= Coppy Laws =

Cecil Alfred "Coppy" Laws (21 November 1916 – 28 May 2002) was a British electronic engineer and radar engineer during World War II, and the inventor of the domestic air ioniser or ionizer.

==Life==
C A "Coppy" Laws was born in Great Yarmouth, England, on 21 November 1916.
In 1931 his father died, and the 14-year-old Cecil was boarded with a school friend's family, and came to terms with his loss by immersing himself in radio, his childhood hobby. He built the first TV in the street, and neighbours would crowd in to see the one hour of weekly broadcasting transmitted by the BBC. There was no money for further education, so he worked in a local shop recharging lead-acid accumulators for radios by day, and cycling 16 miles to evening classes and back, five nights a week for four years. This determination won him a first-class City and Guilds examination in radio communications.

In 1936, aged 20, Laws took a job at Philco. He had striking, copper-coloured hair, and a young secretary, Rita Hay, coined the nickname 'Coppy'. Coppy and Rita were married in 1942.
The couple had five sons. He died on 28 May 2002.

==Work==
In his mid-twenties he designed a range-finding system which allowed guns to home in on enemy ships beyond the horizon with accuracy and to fire a salvo the instant they were detected.

His achievements won recognition from the British Government in the form of a large cash award, similar to that given to Sir Frank Whittle, inventor of the jet engine.

At the outbreak of war he was seconded to the Admiralty to work on the development of radar. He resolved the key component of a design for a radar distance-measuring oscillator, a problem which at the time was defeating the young Herman Bondi and Fred Hoyle, part of the mathematical team backing up the radar designers.
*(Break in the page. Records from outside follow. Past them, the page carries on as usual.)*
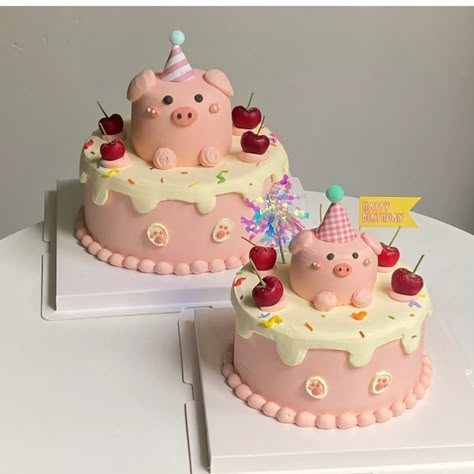 Piggy Cake, Sweet Birthday Cake, Birthday Cake For Boyfriend, Cake For Boyfriend, Pig Birthday Cakes, Pig Cake, Mini Cakes Birthday, Simple Birthday Cake, Fake Cake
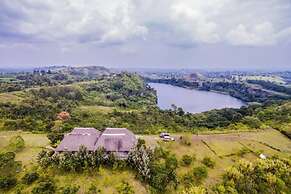 Kyaninga Royal Cottage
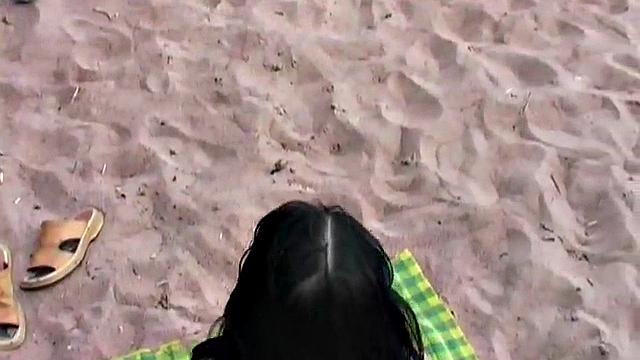 Beach Sex for Hot Chick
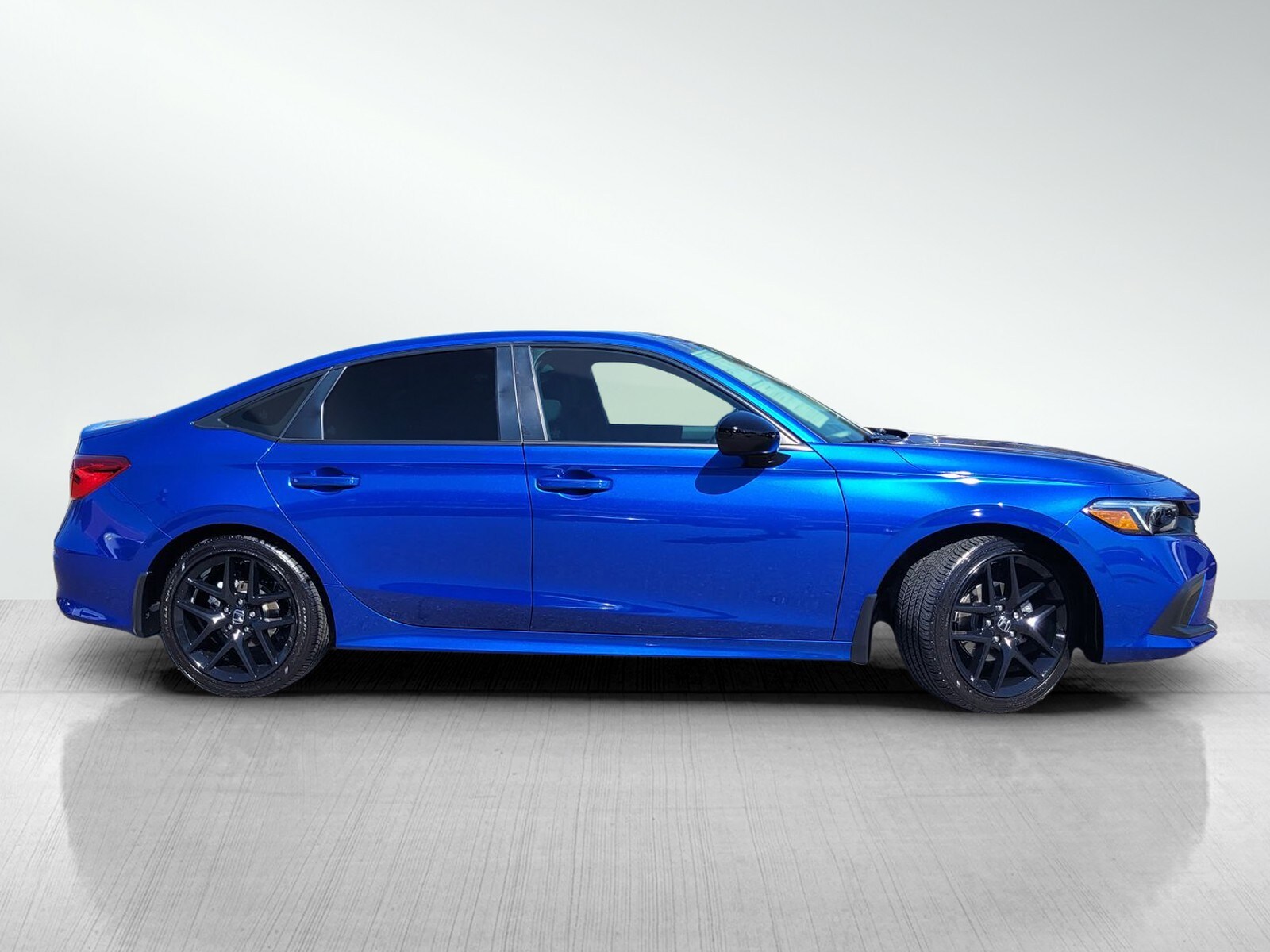 2023 Honda Civic Sport photo 3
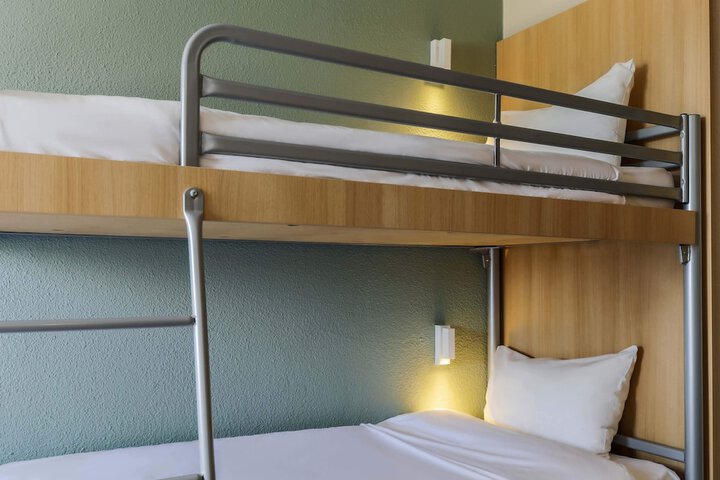 Room 10 of 23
After the war he was invited to form a radar division for Elliotts, the electrical engineering company. He helped create the East coast radar defence for the USA; set up Elliotts' first automation division; automated the oil pipelines in Saudi Arabia for Aramco; automated steel mills and paper mills and initiated and directed the first computer division.

Following the merger of Elliotts with GEC he left, not to take early retirement but to form his own business in the obscure field of electrical medicine.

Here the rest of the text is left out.